Tra i veleni sparsi dallo scandalo dell’ex presidente dell’Associazione nazionale magistrati sul mercato delle nomine delle procure italiane, un procuratore aggiunto ha registrato per due volte un collega perché messo in allarme dalla giornalista di un importante quotidiano sull’esistenza di una clamorosa dichiarazione. Dichiarazione che, però, non è mai esistita… Intanto, il pm finito nel mirino ha pagato con la carriera.
«L’intercettazione fantasma» sarebbe un buon titolo per un romanzo di John Grisham, l’avvocato diventato scrittore di bestseller giudiziari. Invece è l’ennesimo rimasuglio nella pignatta sporca dell’inchiesta su Luca Palamara. Una intercettazione che rimbalza qua e là, ma che non esiste. Perché nessuno l’ha pronunciata. Eppure, è stata brandita da magistrati contro altri magistrati in quel radioattivo fall out seguito alla pubblicazione del «mercato delle nomine» allestito nei saloni dell’Hotel Champagne, a Roma. Chi sa la verità e potrebbe chiarire, però, preferisce tacere. E lasciare che innocenti paghino per colpe non commesse.
I protagonisti della storia sono due stimati pubblici ministeri napoletani: Cesare Sirignano e Giuseppe Borrelli, oggi procuratore a Salerno. Siamo nei giorni dei titoli a tutta pagina e delle indiscrezioni sul trojan «inoculato» nel cellulare dell’ex presidente dell’Associazione nazionale magistrati. Sirignano è preoccupato che le sue chiacchierate con Palamara su quello che lui stesso definisce «verminaio delle nomine», già anticipate da alcuni quotidiani, possano essere strumentalizzate a suo danno, e si confronta con l’amico Borrelli. Perché proprio con lui? Per un motivo molto semplice: era stato Borrelli a coinvolgere Sirignano nelle sue aspirazioni di carriera per diventare procuratore a Perugia.
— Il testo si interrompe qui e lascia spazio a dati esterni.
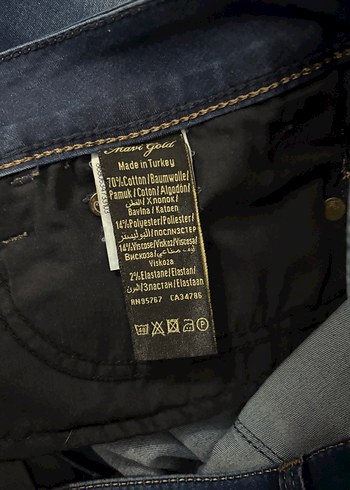 Kadın Lacivert Midi Boy Denim Pantolon - Görsel 4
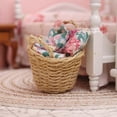 thumbnail image 4 of Miniature Dollhouse Storage Basket with Handle Accessory Vegetable Food Storage, 4 of 10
Le carte, che Panorama ha potuto visionare, mostrano infatti Borrelli particolarmente attivo nella ricerca della promozione. Tanto da coltivare rapporti coi «big» di Unicost, cioè Unità per la costituzione, la sua corrente. Circostanza, questa, che tuttavia Borrelli non ha mai rivelato al Consiglio superiore della magistratura. Il 9 febbraio 2019, per esempio, Borrelli scrive a Sirignano: «[…] dopo aver parlato con Mancinetti (Marco, consigliere del Csm, ndr) posso dire che ho sbagliato a non fare domanda per Torre Annunziata […]». Il giorno dopo, rispondendo all’amico che gli suggerisce maggiore cautela («Stai calmo. Io non posso prendere sempre questione per te»), il procuratore di Salerno aggiunge di aver discusso con un altro consigliere: «Io non sto dicendo niente. Mi sono limitato a dire che dopo aver parlato con Spina (Luigi, ndr) e Mancinetti ho capito che […] me lo prenderò a quel posto […]».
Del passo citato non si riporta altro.